■ **Data for this task**
*** Block opens ***

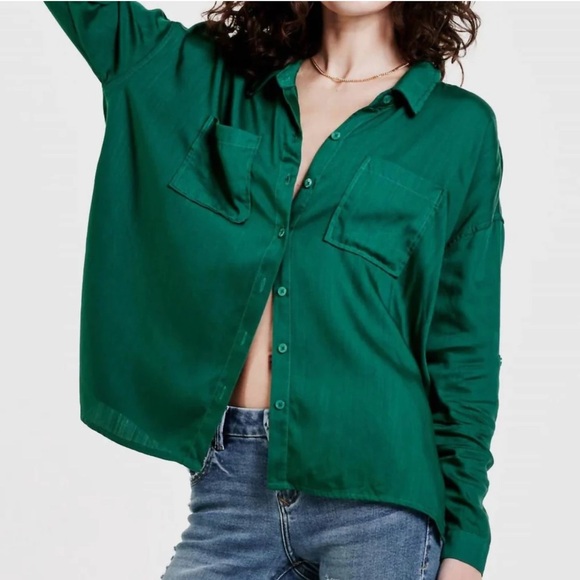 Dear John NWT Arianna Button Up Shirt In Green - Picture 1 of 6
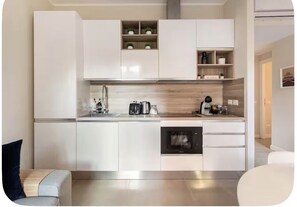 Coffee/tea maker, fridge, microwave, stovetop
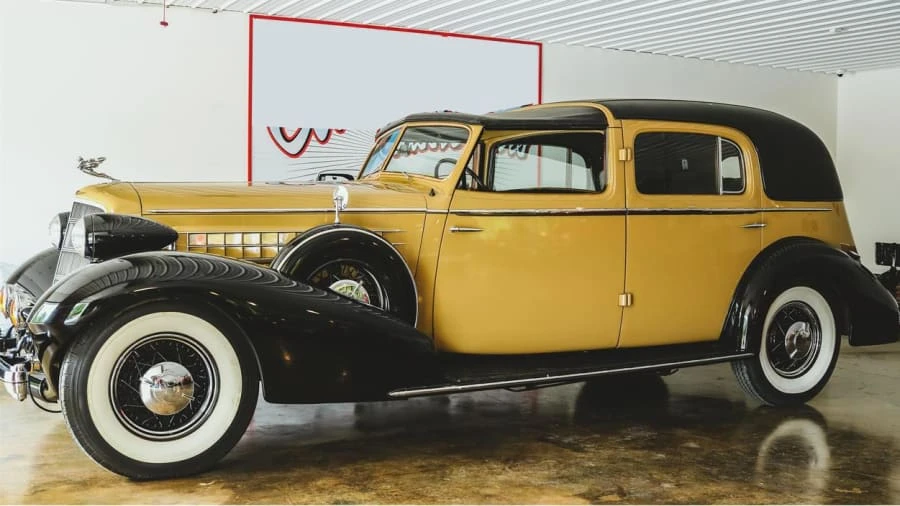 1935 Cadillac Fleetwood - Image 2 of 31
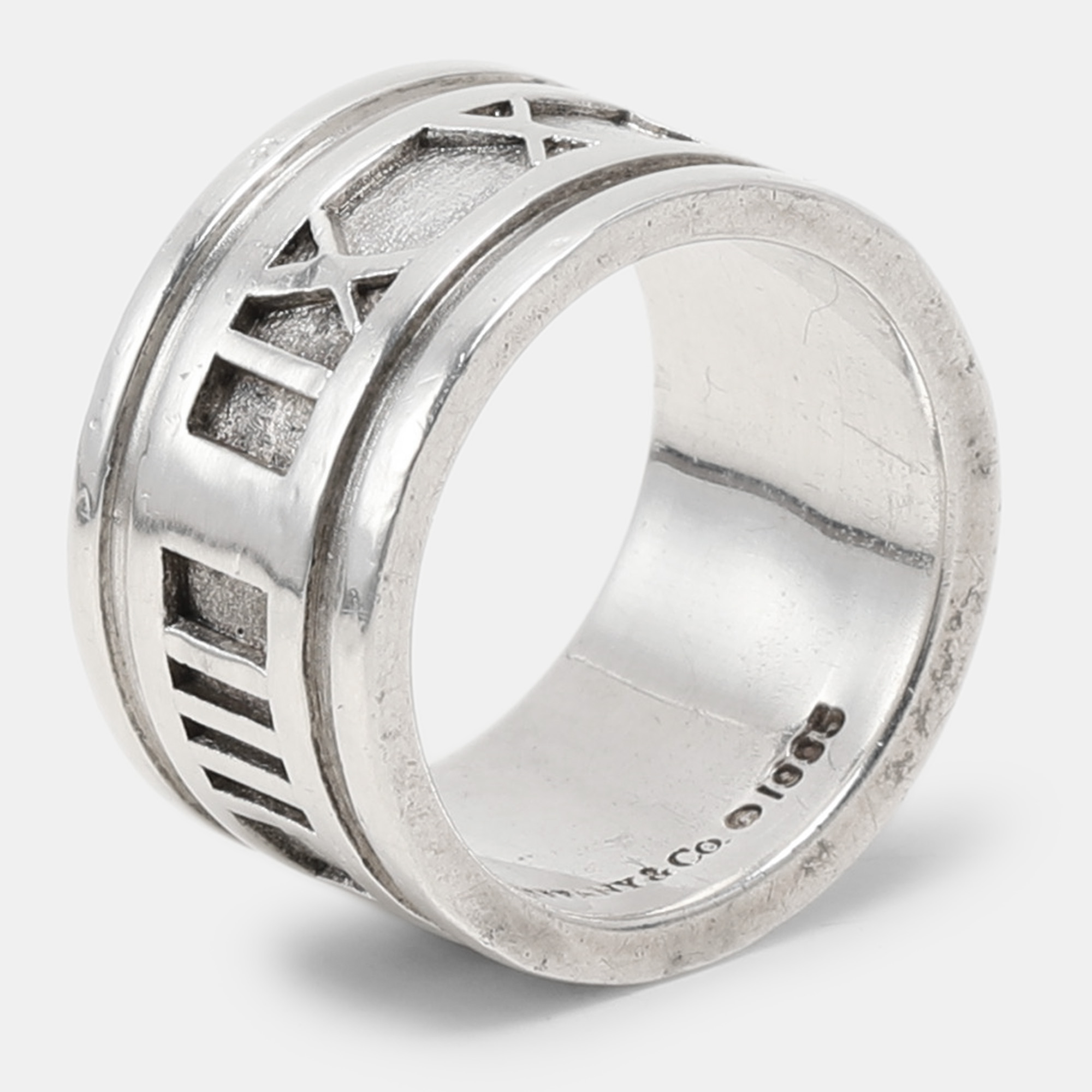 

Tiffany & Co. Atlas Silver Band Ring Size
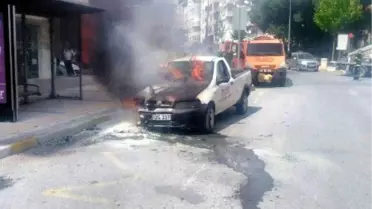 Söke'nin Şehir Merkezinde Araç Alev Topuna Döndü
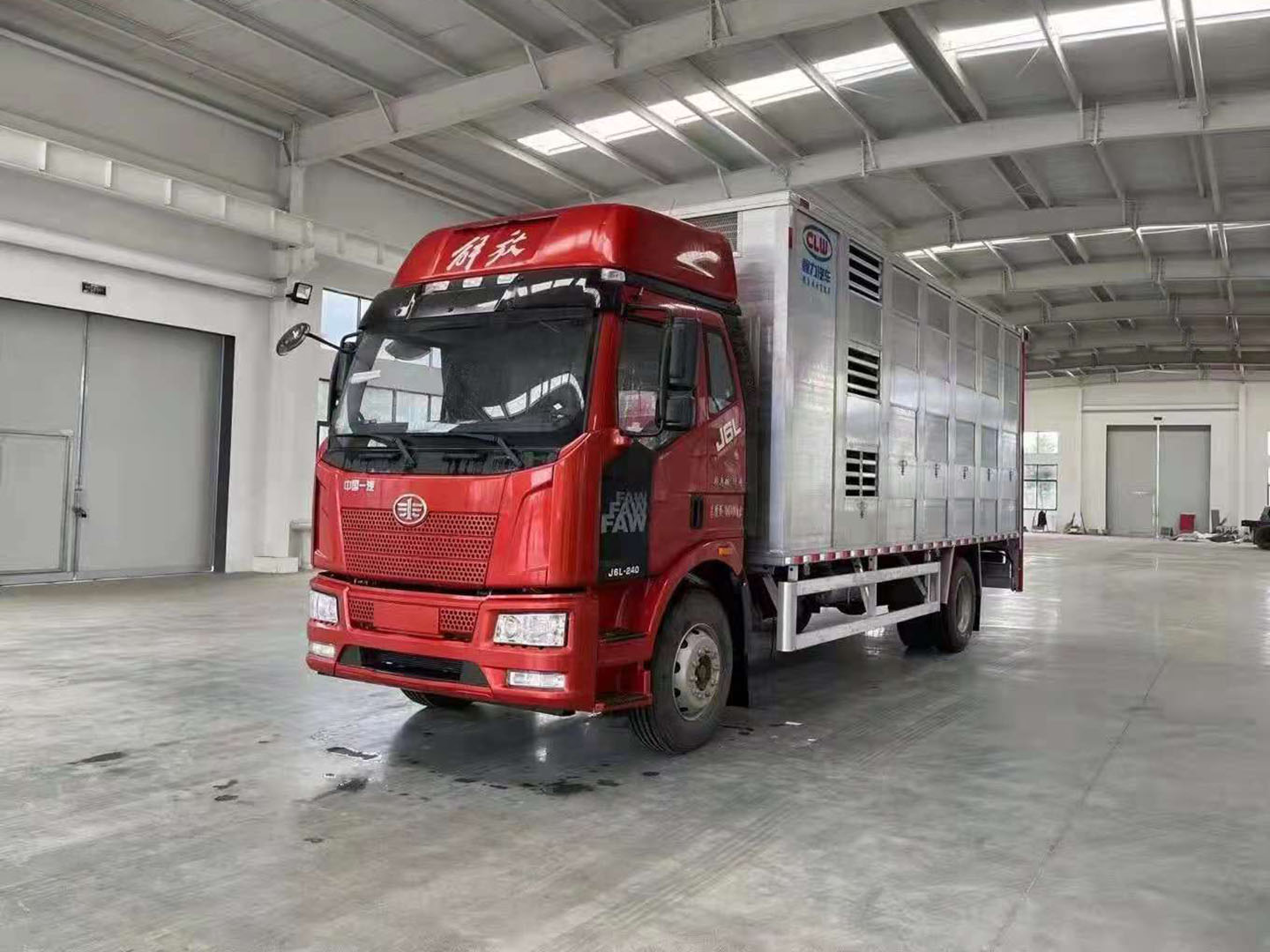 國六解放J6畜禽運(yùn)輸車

*** Block closes ***

■ **Required action**
Because the pictures are not wanted, retype only the text of every record, exactly as given.

■ **Output for this exercise**
 Dear John NWT Arianna Button Up Shirt In Green - Picture 1 of 6
 Coffee/tea maker, fridge, microwave, stovetop
 1935 Cadillac Fleetwood - Image 2 of 31

Tiffany & Co. Atlas Silver Band Ring Size
 Söke'nin Şehir Merkezinde Araç Alev Topuna Döndü
 國六解放J6畜禽運(yùn)輸車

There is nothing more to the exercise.